* **Data shown**:
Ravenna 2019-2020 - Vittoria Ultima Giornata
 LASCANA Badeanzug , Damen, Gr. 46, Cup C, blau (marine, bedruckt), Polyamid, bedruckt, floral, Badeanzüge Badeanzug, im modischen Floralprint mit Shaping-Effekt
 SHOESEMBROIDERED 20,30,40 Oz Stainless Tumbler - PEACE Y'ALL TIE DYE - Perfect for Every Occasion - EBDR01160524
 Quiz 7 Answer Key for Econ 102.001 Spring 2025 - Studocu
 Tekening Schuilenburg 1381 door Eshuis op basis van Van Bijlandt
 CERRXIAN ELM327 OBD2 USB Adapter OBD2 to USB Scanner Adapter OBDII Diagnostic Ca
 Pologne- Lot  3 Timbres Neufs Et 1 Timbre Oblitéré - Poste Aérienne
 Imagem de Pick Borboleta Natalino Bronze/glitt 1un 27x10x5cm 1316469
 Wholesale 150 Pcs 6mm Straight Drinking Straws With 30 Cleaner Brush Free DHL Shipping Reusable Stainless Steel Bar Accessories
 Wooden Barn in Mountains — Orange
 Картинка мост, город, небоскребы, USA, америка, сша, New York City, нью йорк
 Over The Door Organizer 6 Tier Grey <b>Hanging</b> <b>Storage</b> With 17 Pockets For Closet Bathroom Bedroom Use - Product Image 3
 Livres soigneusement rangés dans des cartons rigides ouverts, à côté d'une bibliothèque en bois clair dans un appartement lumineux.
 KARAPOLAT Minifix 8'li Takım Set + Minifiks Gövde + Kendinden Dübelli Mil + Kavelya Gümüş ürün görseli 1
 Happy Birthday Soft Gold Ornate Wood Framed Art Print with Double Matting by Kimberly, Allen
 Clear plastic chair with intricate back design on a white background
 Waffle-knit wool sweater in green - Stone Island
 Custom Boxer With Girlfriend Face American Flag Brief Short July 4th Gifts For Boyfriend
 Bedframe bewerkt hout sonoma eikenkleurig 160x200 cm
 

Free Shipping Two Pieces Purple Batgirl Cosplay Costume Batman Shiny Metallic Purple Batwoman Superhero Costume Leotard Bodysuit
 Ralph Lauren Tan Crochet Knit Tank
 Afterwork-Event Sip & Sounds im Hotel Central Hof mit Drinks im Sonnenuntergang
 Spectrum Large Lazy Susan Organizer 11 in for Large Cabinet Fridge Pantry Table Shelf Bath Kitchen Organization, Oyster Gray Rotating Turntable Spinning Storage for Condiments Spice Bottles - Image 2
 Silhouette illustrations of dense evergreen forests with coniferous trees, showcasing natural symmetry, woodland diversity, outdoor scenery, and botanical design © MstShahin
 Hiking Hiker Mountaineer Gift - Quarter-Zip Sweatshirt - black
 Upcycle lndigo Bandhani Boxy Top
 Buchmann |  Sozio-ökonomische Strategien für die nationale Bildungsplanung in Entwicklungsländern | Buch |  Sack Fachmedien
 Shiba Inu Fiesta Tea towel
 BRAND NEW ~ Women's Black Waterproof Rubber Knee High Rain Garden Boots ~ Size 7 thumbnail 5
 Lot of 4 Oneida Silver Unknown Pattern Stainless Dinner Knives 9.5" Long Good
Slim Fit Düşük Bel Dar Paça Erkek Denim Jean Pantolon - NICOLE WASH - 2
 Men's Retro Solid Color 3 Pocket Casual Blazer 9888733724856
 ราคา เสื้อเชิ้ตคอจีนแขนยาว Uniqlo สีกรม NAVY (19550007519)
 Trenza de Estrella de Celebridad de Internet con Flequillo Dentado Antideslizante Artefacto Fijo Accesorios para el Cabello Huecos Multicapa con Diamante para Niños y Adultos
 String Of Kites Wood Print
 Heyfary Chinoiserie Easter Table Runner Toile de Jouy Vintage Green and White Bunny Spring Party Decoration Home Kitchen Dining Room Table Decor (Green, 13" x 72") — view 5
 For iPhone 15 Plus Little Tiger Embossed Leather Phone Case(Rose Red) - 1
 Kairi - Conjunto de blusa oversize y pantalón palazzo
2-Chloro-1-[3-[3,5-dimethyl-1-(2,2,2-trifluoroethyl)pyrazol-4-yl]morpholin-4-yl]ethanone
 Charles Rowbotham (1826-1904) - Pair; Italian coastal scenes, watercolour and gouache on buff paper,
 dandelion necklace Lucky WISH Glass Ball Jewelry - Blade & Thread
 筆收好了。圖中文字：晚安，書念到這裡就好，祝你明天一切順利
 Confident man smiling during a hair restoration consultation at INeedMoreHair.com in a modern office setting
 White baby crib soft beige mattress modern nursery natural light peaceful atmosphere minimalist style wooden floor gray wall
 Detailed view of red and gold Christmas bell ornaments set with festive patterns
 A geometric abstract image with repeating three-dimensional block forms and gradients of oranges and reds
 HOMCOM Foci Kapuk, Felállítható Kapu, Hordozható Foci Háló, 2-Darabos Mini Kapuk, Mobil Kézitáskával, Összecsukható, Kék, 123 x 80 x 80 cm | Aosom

* **What is being asked**: Return every line of the listing that has the word "design" in it.

* **Reply to the task**:
 Clear plastic chair with intricate back design on a white background
 Silhouette illustrations of dense evergreen forests with coniferous trees, showcasing natural symmetry, woodland diversity, outdoor scenery, and botanical design © MstShahin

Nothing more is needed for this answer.